NAB denies holding out on refunds
THE National Australia Bank held off revealing the full extent of its superannuation issues to a regulator as it tried to avoid being labelled the “worst of a bad bunch” charging fees for no service, an inquiry has heard.
It heard NAB spent months trying to find ways to justify not paying full compensation to super members wrongly charged an advice fee, although the bank denies that was what it was trying to do.
NAB was still dealing with the plan service fee issue affecting some superannuation customers in October 2016 when ASIC was set to release its industry report on fees for no service.
The inquiry heard ASIC’s draft report, given to the bank for fact-checking, had NAB “in the middle of the pack” when it came to compensation, with an estimated $16.2 million total exposure.
ASIC had been told about three issues with plan service fees for super members, but only knew about the customer impact for one of them that involved $100,000 compensation for about 100,000 customers.
At that time NAB knew it would have to pay about $34 million to compensate 220,000 super customers, with the issue about to go before trustee boards, documents before the royal commission show.

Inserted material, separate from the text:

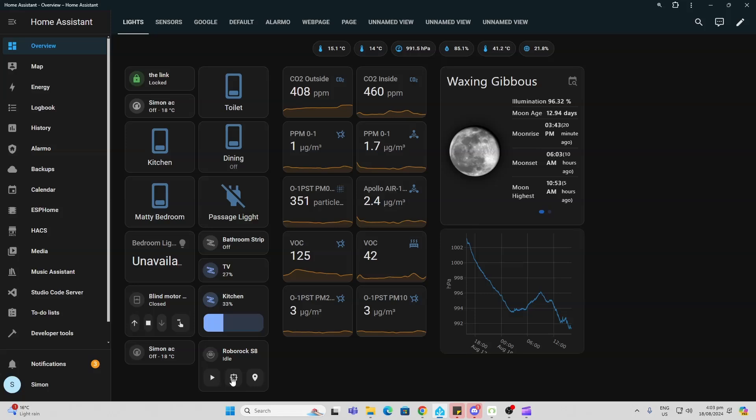We can select a spot clean area or we can locate it. So I'm just going to pause that because I don't want my robot to go off now. But having a look at some of the other mushroom cards here.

A communications strategy recommended disclosing the total remediation amount, but noted: “We risk being labelled as the worst of a bad bunch amongst the ongoing advice service fees report.”
NAB executive Paul Carter said the relevant boards at the time still had to decide the remediation approach.
He said the bank wanted to be transparent, so its consumer and wealth chief customer officer Andrew Hagger contacted ASIC.
Senior counsel assisting the commission Michael Hodge QC suggested being fully transparent with ASIC might mean saying the bank expected within two days to fully approve an additional $30 million in compensation, as recommended by management.
Mr Carter, who previously headed up NAB’s wealth products, said that was broadly the intent of Mr Hagger’s proactive contact with the ASIC commissioner.
Mr Carter denied the bank tried to find ways to avoid having to refund all the money to superannuation customers for the plan service fee that was charged despite no adviser being linked to some MLC super accounts.
Mr Hodge said: “Can I put this to you very bluntly: What you did was to systematically look for any way to avoid having to refund all of the money to customers.”
Mr Carter disagreed. Mr Hodge said: “And that is why there is this idea that somehow you will find some other service that can be said to have been provided in exchange for the money.” Mr Carter again disagreed.